An away trip to Norwich awaits the winners in the quarters as United seek to stay in their only remaining chance of domestic silverware this season.

The Rooney they come up against is a different player to the one who lit up Old Trafford for many a year.

But both Sir Alex Ferguson and Louis van Gaal did envisage this deeper midfield role in Rooney’s future and it is finally coming to fruition.

(Ross Kinnaird/Getty Images)

What did the former bosses say?

Ferguson moved Rooney deeper as early as 2011, with injuries to the likes of Darren Fletcher and Michael Carrick for a Champions League clash with Otelul Galati.

As per BBC, he said: “It was a good option because he has all the qualities you need to be a central midfield player.

“The first thing you have to say about him is that he receives the ball very well.

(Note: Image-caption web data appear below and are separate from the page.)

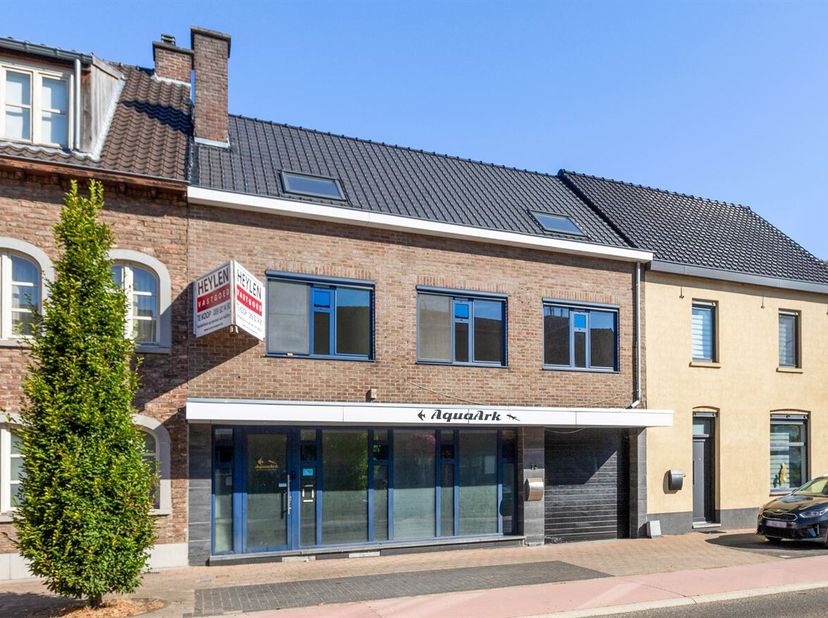 Gelijkvloers handelspand met woonst in Neeroeteren<br />
Ligging:<br />
De woning is gelegen in het centrum van Neeroeteren op Maaseikerlaan 13, op ee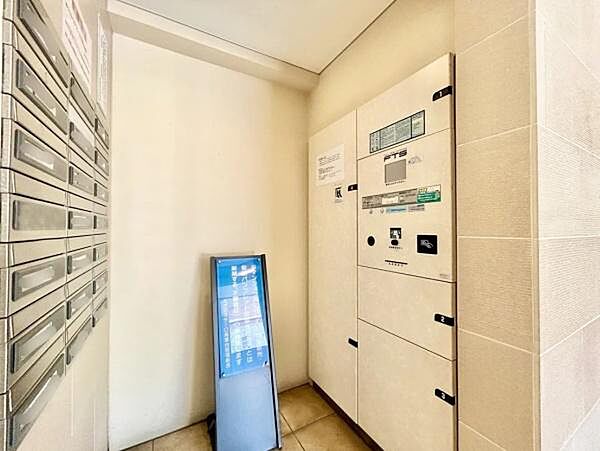 在宅・不在問わず、届いた荷物を受け取れる宅配ボックス。料理中や入浴中ですぐに応対ができない時でも、宅配業者が荷物を入れておくことができるので、受け渡し時間や再配達の手間を気にする必要がありません。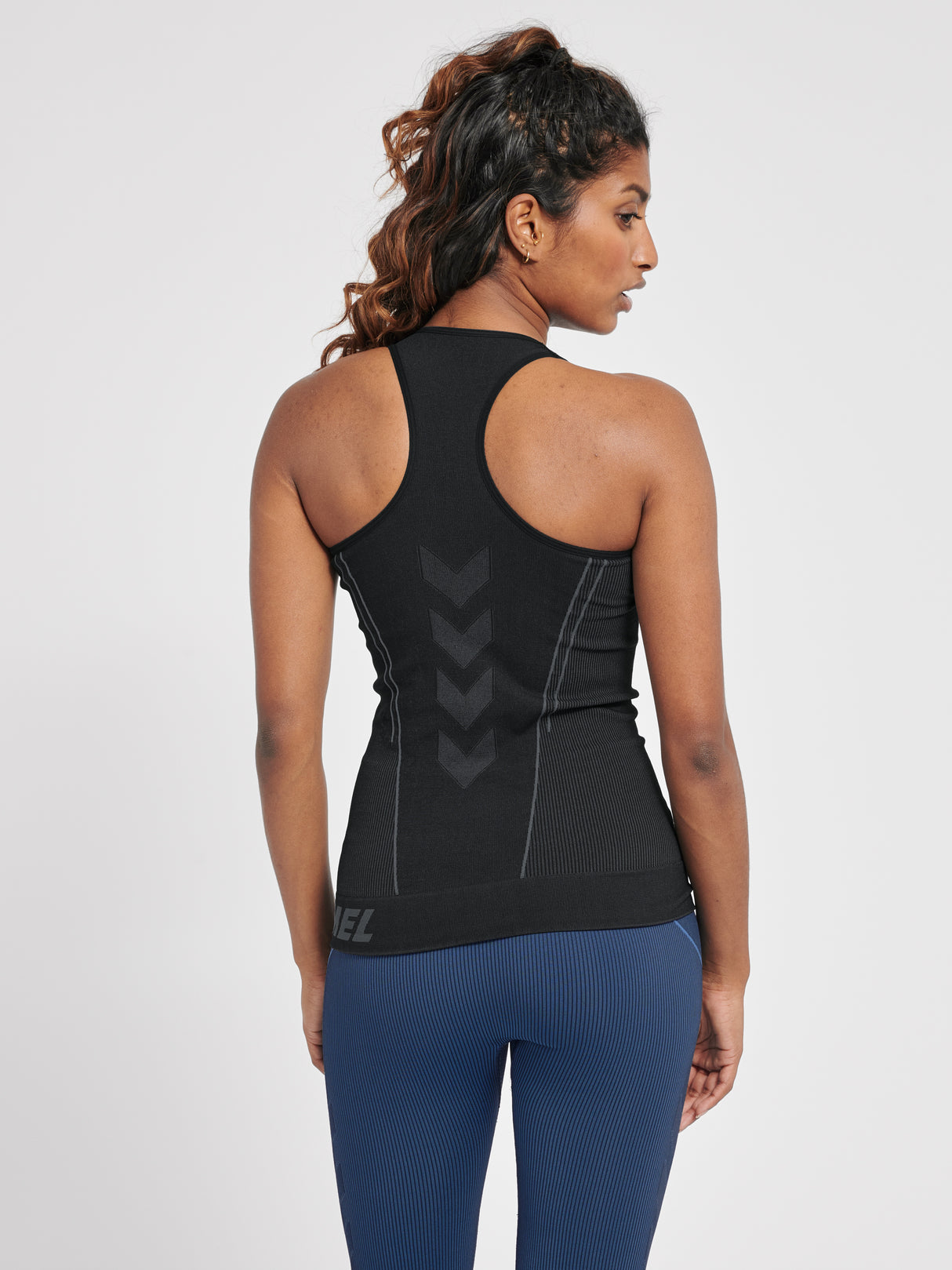 hummel Women's Training Essentials Christel Seamless Top-7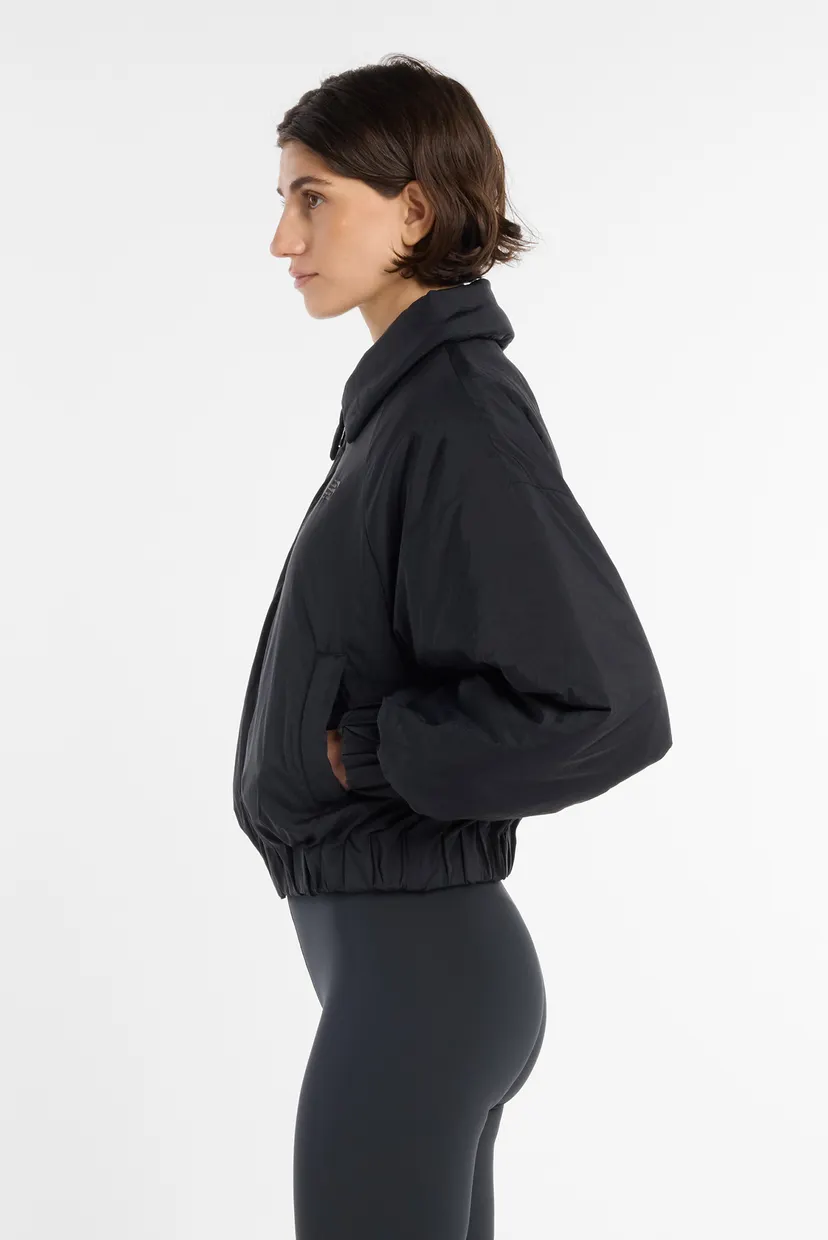 Женская черная куртка Woven Bomber Jacket New Balance WJ61D8YXBK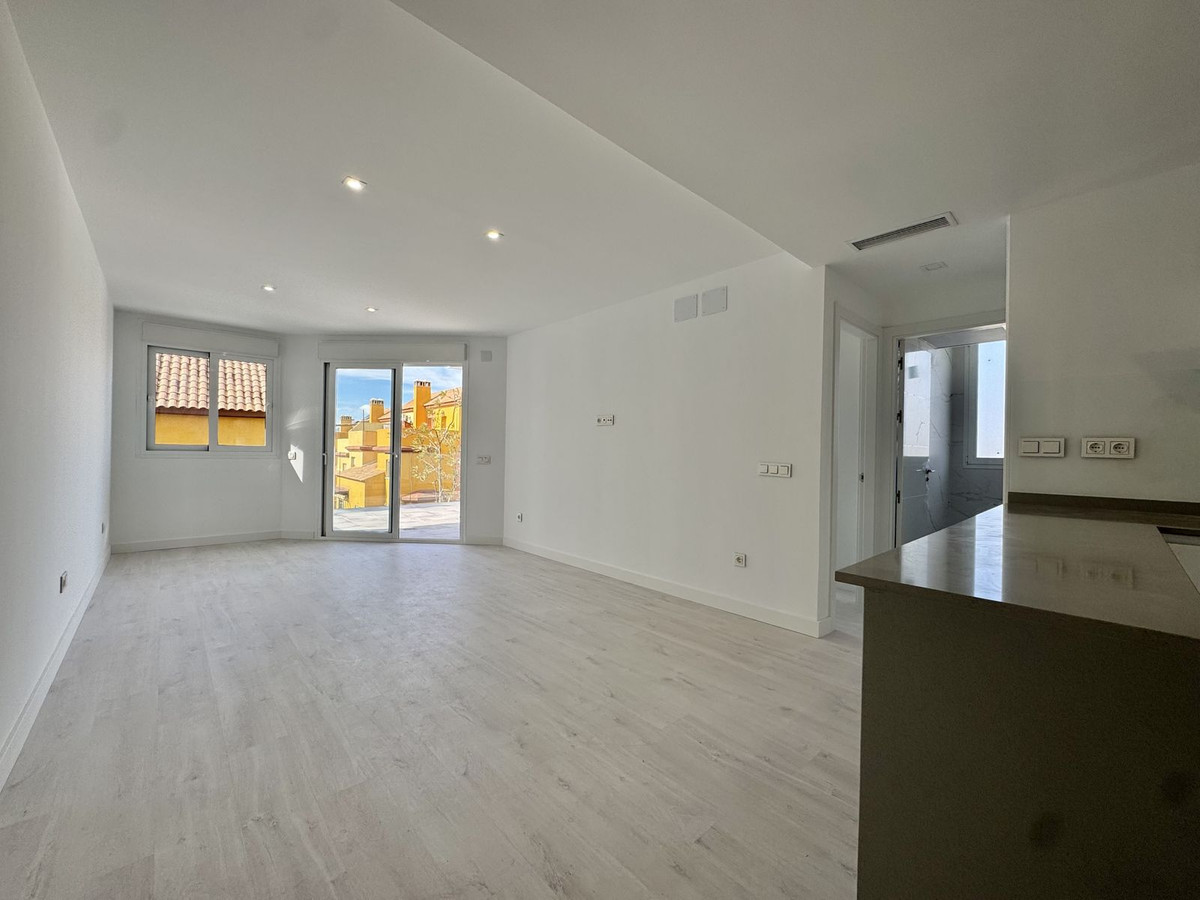 Te koop Middle Floor Apartment Costa Del Sol Rincón De La Victoria € 349.000,-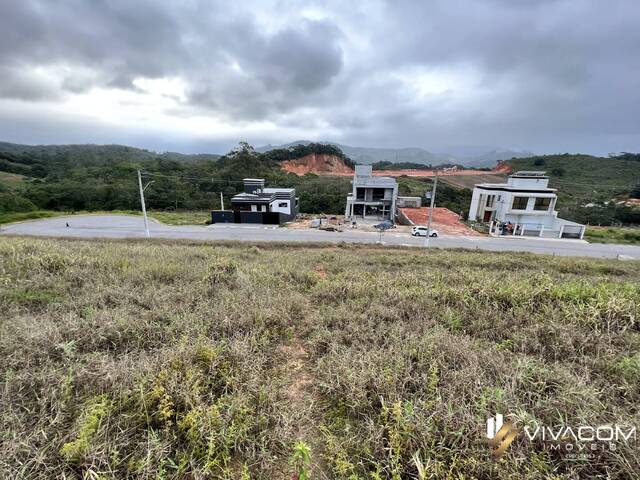 Área para Venda em Biguaçu - 3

He is aided by the fact he plays in a forward role, when receiving the ball is more of an issue.”

Van Gaal also tried to play Rooney in a midfield diamond and later in a 4-3-3 and as per the Guardian, said in 2015: “Not many players can easily switch positions but Rooney can, he is multi-functional. He can definitely play in more than one position.

“What I keep saying to Wayne is that your contribution for the team is bigger when you play at right half.”

 

Neither Ferguson or van Gaal was able to make the Rooney midfield experiment really stick, but that’s where he’s operating for Derby now.

(ANDREW YATES/AFP via Getty Images)

Why didn’t it work at United?

Rooney was full of energy as a younger player and under Ferguson, he was always keener to be involved in the goalscoring action rather than bossing the game from deep.

He didn’t have the discipline for a more restrained midfield role, and United generally had better options in the engine room anyway.

Rooney was van Gaal’s captain and as his legs started to fade, he seemed more agreeable to a positional switch.

But the general quality of United’s play was on the decrease, van Gaal’s tactics were very rigid, which was at odds with Rooney’s instinctive way of playing the game.

There’s also an argument that Rooney lacked the experience of playing in the engine room needed to boss matches at the very highest level.

That’s not so much of an issue in the Championship – just like MLS – where the overall standard is lower and Rooney will get more respect.

But Rooney will be fired up to show his former employers what they’re missing tonight and United must ensure they have a plan to stop him bossing the game from deep.